Exactly reproduce the lines from the one holding "Stylera unique designer" through the end of the records, including both boundary lines but no pictures.
==== Input data
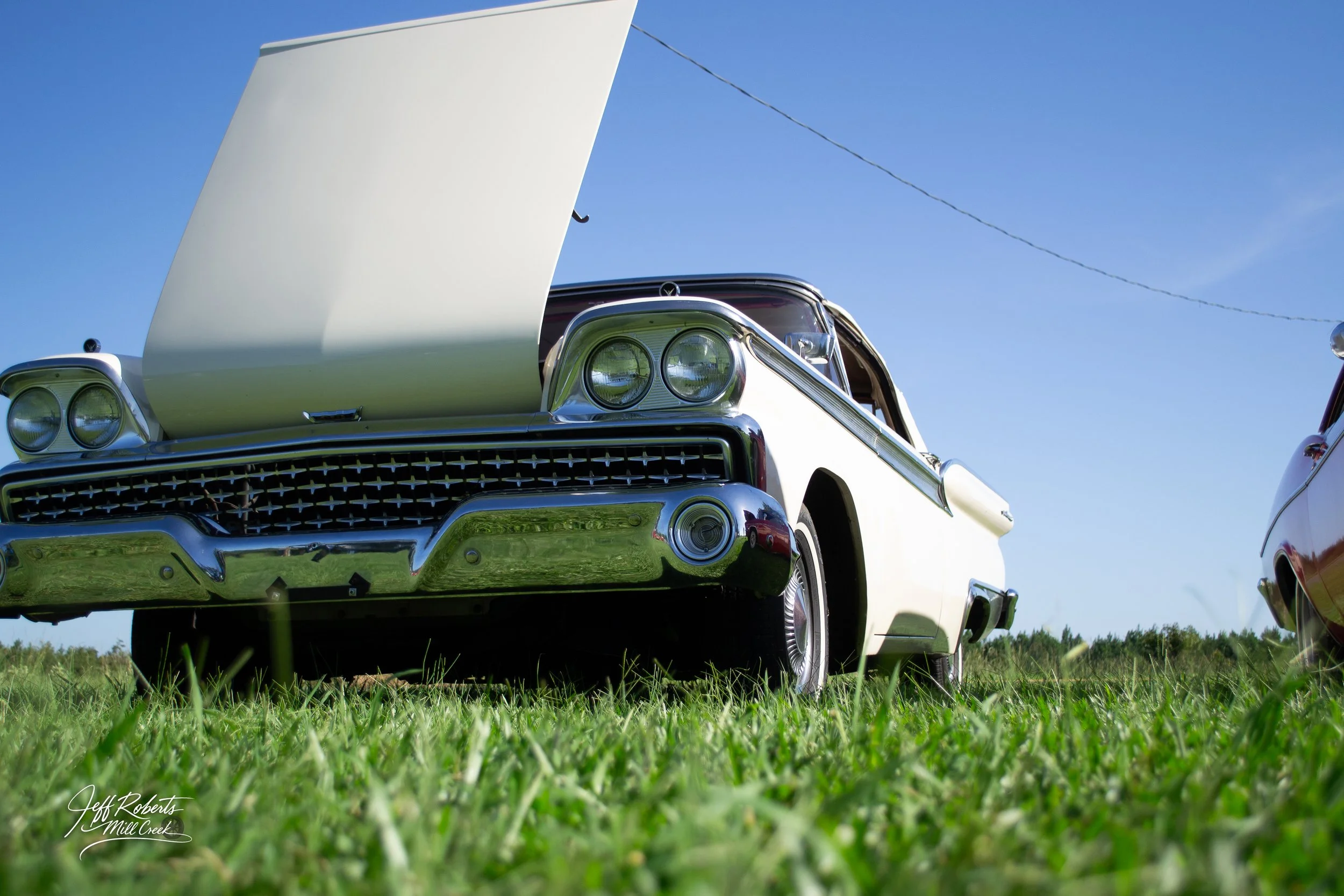A vintage white car with its hood open, parked on green grass under a clear blue sky.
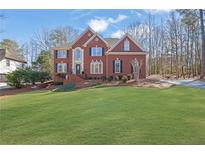 Charming two-story brick home featuring a well-manicured lawn, complemented by mature trees and beautiful landscaping at 455 Emerald Lake Path, Sugar Hill, GA 30518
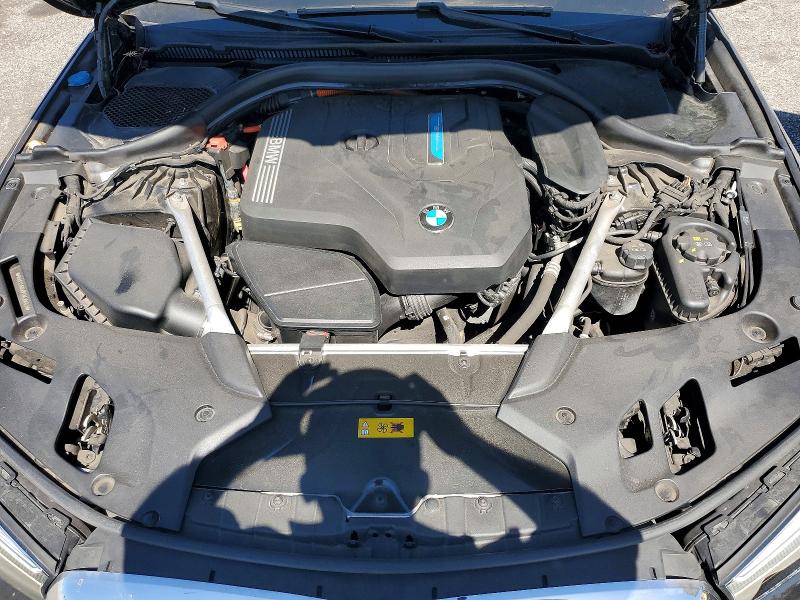 Photo 11 from auction – 2023 BMW 530E with VIN WBA13AG00PCM30463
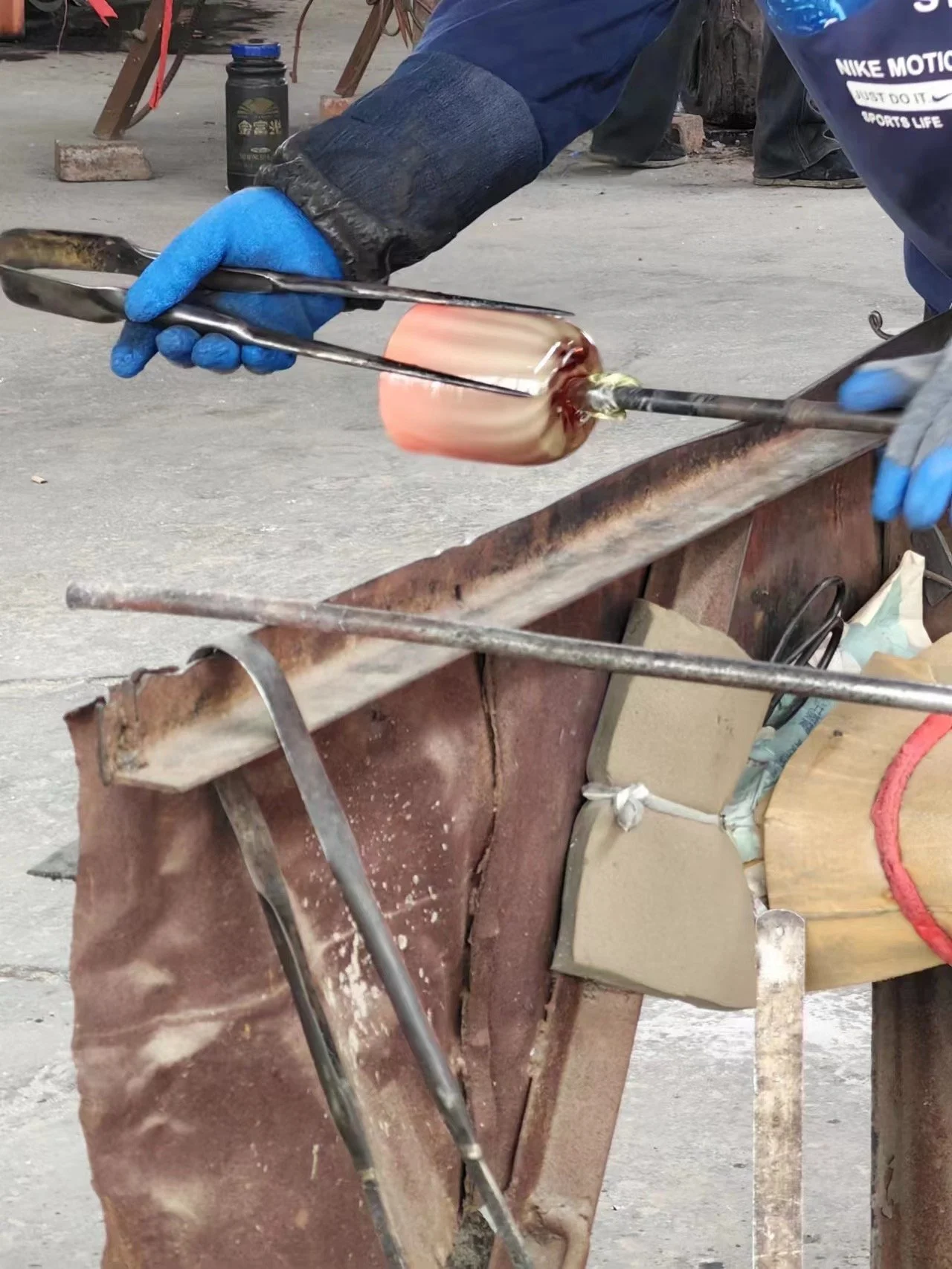 A glassblower in gloves shaping molten glass on a metal rod at a glassblowing workshop.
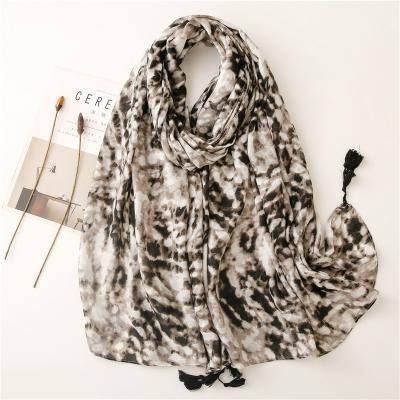 China Dobby Yellow Leopardskin Printing Long Scarf Navy Women Wrap Holiday Long Scarf With Tassel Casual Lady Black White Shawl for sale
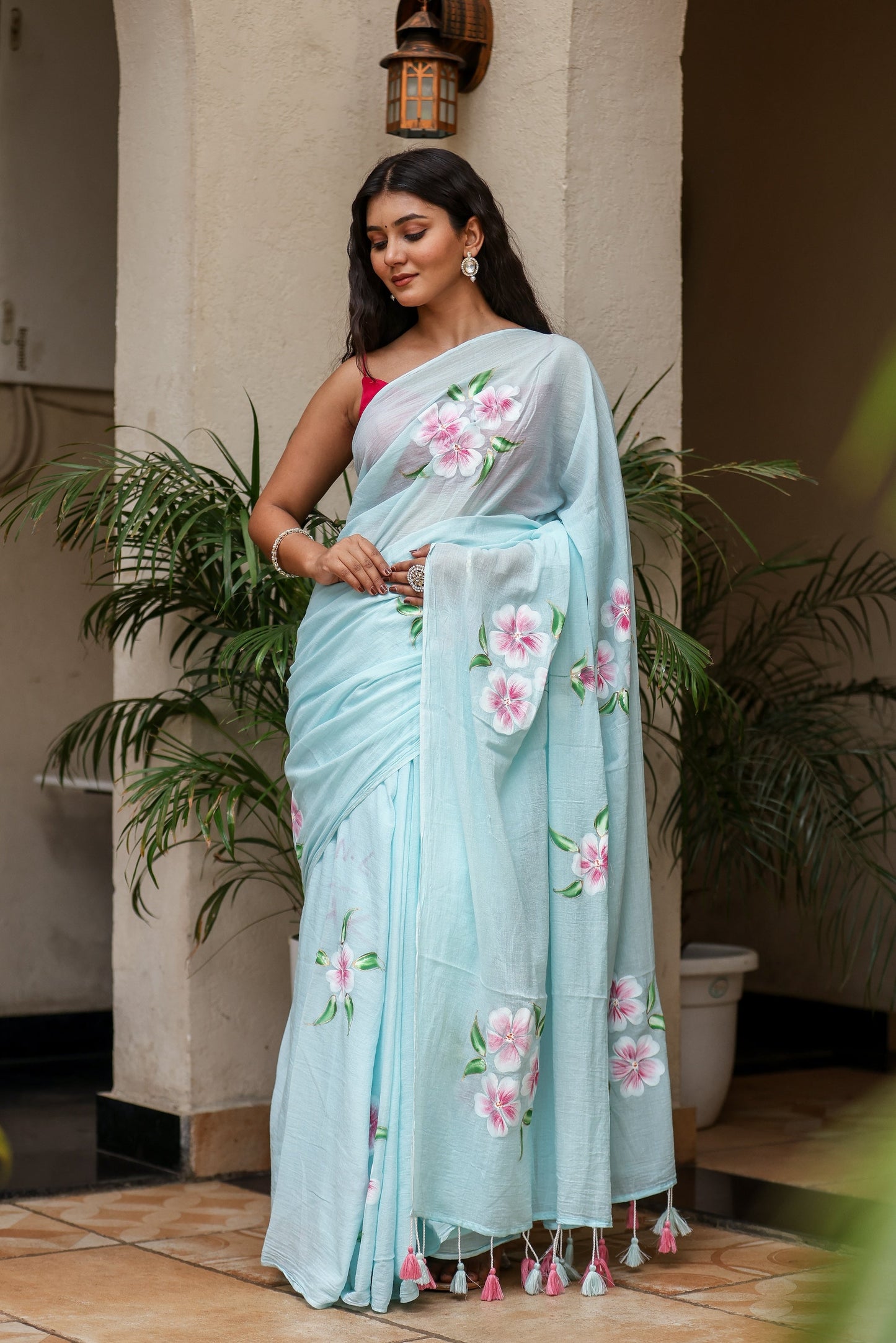 Stylera unique designer sarees for parties in light blue with floral embroidery and tassels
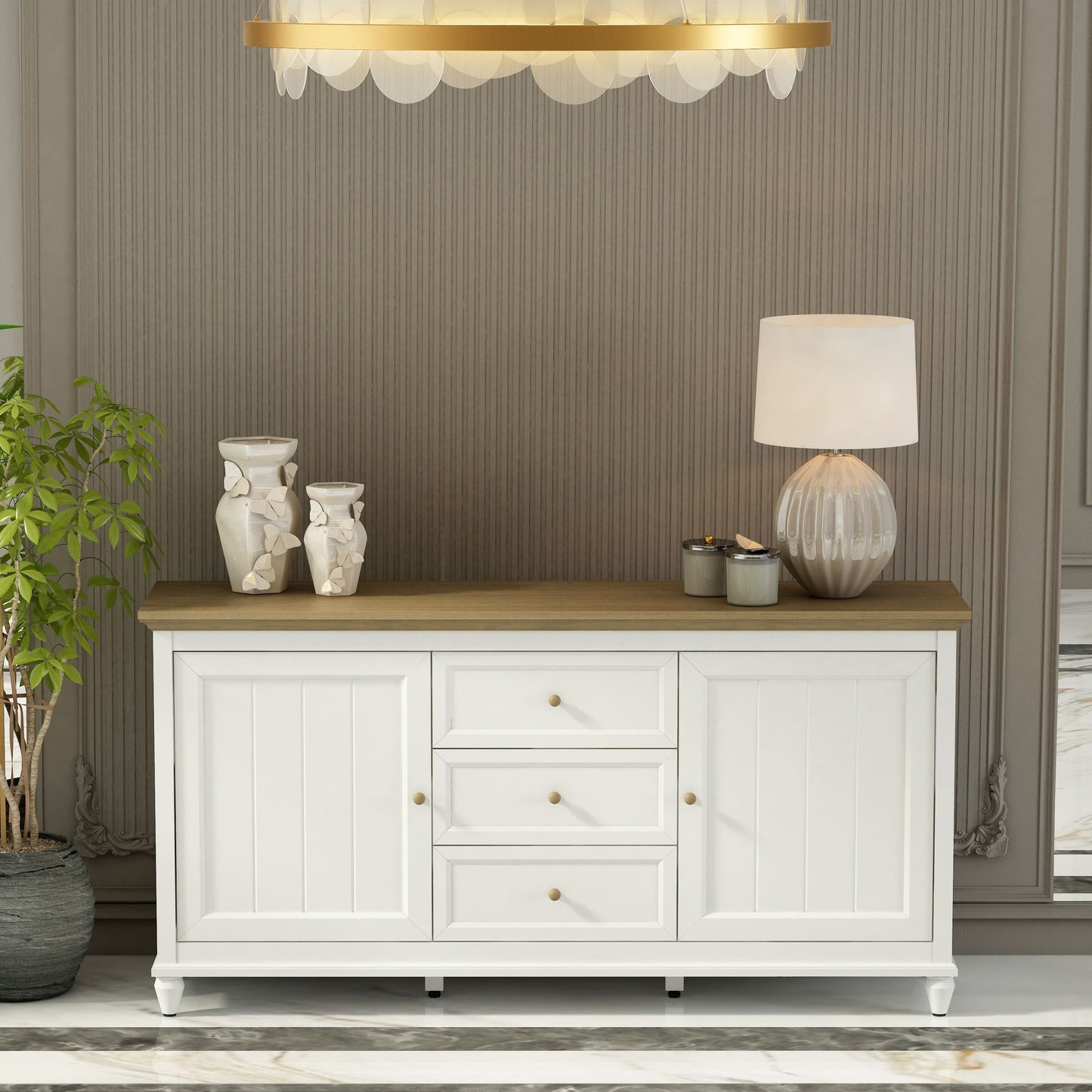 White sideboard with wooden top in a room with striped wallpaper and a chandelier.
========
_Exercise response_
 Stylera unique designer sarees for parties in light blue with floral embroidery and tassels
 White sideboard with wooden top in a room with striped wallpaper and a chandelier.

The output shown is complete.